Govt, House agree to further discuss corruption-related articles on Criminal Code bill
Marguerite Afra Sapiie
The Jakarta Post
The government and the House of Representatives have agreed to hold further discussions on corruption-related articles in the Criminal Code bill, following objections by the Corruption Eradication Commission (KPK) that argued that a number of provisions in the bill could curtail its authority in eradicating corruption.
Coordinating Political, Legal and Security Affairs Minister Wiranto led a meeting on Thursday to discuss the polemics. KPK commissioners, government officials and members of the House’s team that have been tasked with formulating the bill attended the meeting.
During the discussion, they acknowledged that several articles in the bill, including provisions related to extraordinary crimes and their sanctions, still needed to be further deliberated to overcome differences, Wiranto said.
“The Criminal Code revision doesn’t have any intention to weaken institutions tasked with handling extraordinary crimes, such as corruption, narcotics or terrorism,” Wiranto said.
The Criminal Code bill has included a number of corruption-related articles from the 2001 Corruption Law, including provisions about bribery and misuse of authority.

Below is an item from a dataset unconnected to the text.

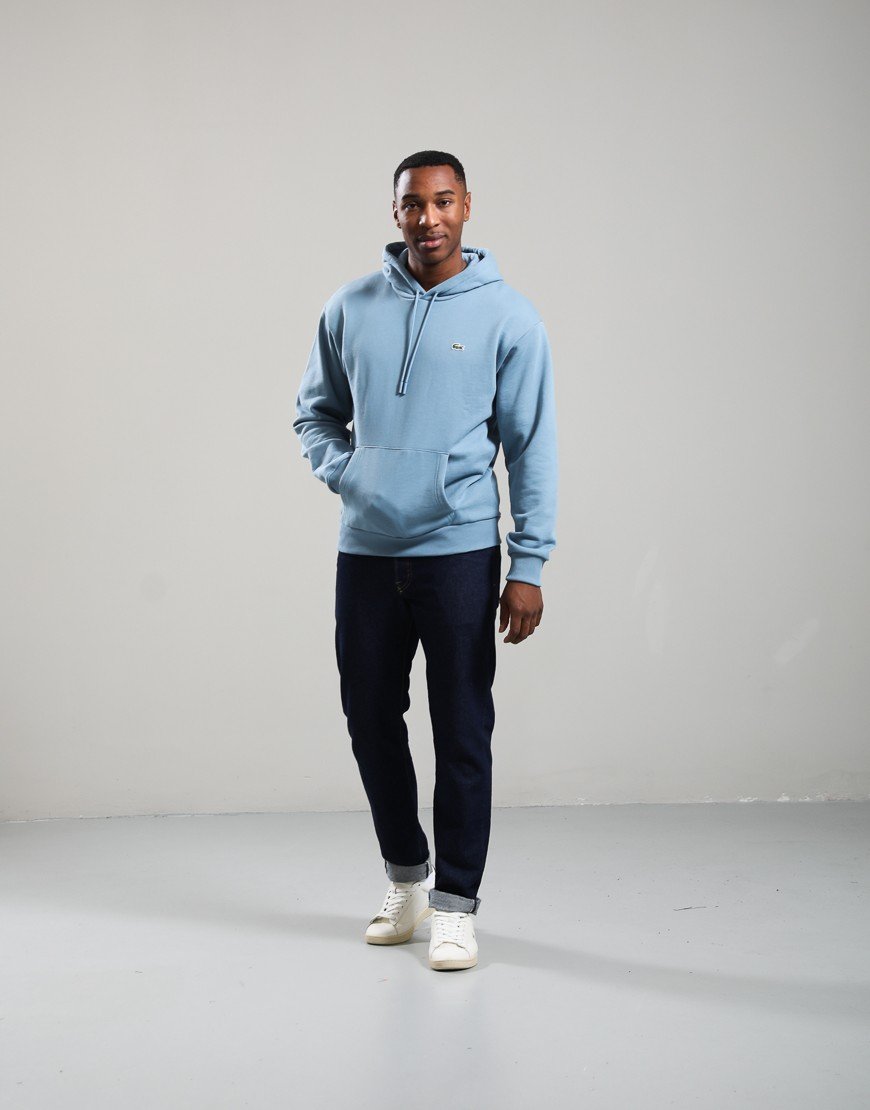 Lacoste Fleece Hoodie Aral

Several articles in the bill carry lighter punishment for corruption compared to articles in the 2001 law.
Enny Nurbaningsih, who heads the government team tasked with formulating the Criminal Code bill, said relevant stakeholders would soon sit together to settle the differences, including the sanctions and terms of punishment for the core crimes of corruption stipulated in the bill.
She asserted that KPK authorities would remain intact since the antigraft body would still able to use the sanctions and punishment stipulated in the 2001 law, which is categorized as lex specialis (special law). (ebf)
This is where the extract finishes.